Angelica (Angelica atropurpurea)
Angelica is perennial native that stands 3-8' tall and is commonly found in woodlands and swampy areas near streams and rivers. It produces large, pale to dark purple hollow stems, with ¾-4½" long, medium to dark green sub leaflets. Being both edible and medicinal, this plant surely has a lot of offer any garden.
Also Known As: purplestem angelica, great angelica, American angelica, high angelica, and masterwort.
Native Range: Central and eastern North America
Grown as: Perennial
Maturity (Blooms): June to September
Light: Full Sun to Part Shade
Water: Medium to High.
Soil Moisture: Medium to Wet.
Beneficial Insects?: Yes. Butterflies as well as being Deer tolerant.
Sow Depth: 1/2"
USDA Zone: 4-7
Produces: a 3-10' tall plant with smooth, dark purple or purple-blotched stems that features tiny greenish-white to white flowers arranged in large, compound umbels.
Garden Uses: Water gardens, stream/pond banks or wet meadows.

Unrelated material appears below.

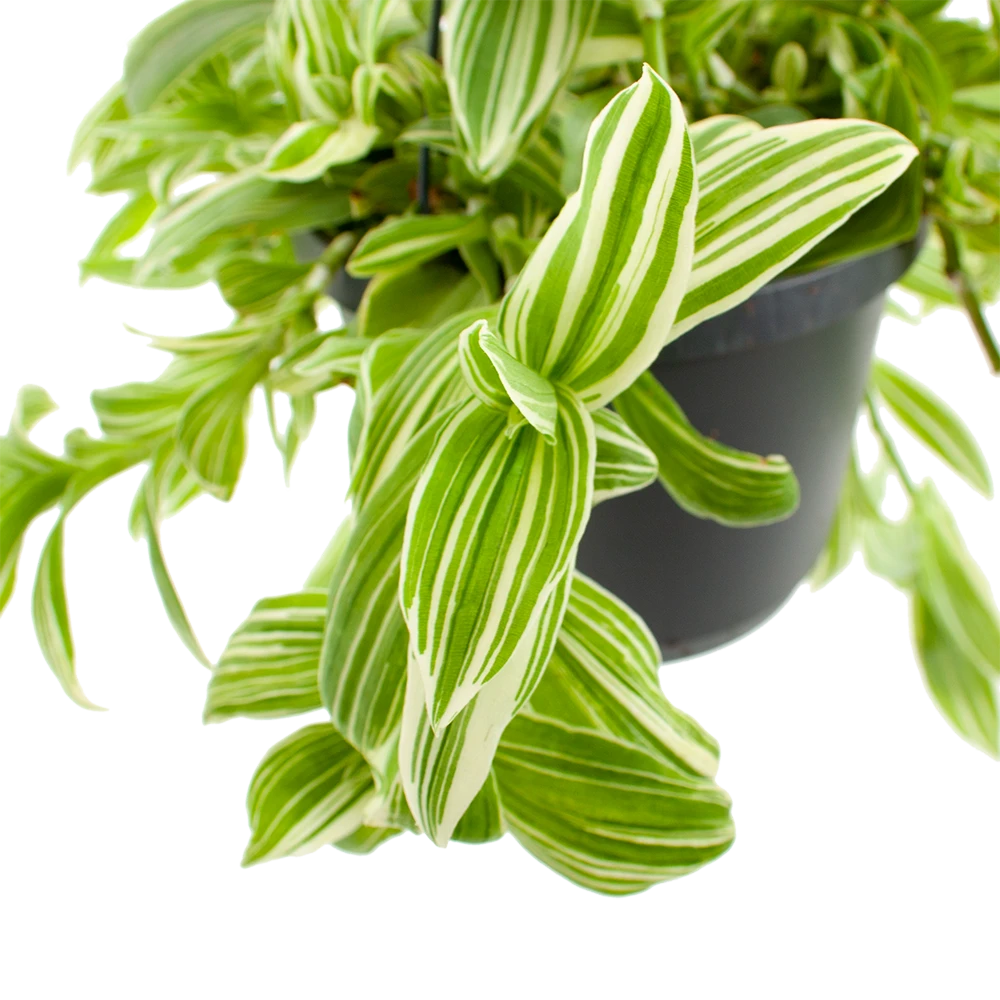 Tradescantia Ivory Hill - Vaderplant - In Hangpot - P17 H40 - Kamerplant - Afbeelding 2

Taste is somewhat similar to celery, but is a little bit sweeter and more aromatic.
The stalks can be candied for confections and the leaves are added to cooked fruit dishes, soups, stews, fish, gratins or poultry. The essential oil of the root and seeds has a vanilla-like flavor that us often used for liqueurs and other deserts commercially. The fruit can be used in herbal tea blends and the leaves can be blanched, boiled, and used as a garnish or eaten in salads.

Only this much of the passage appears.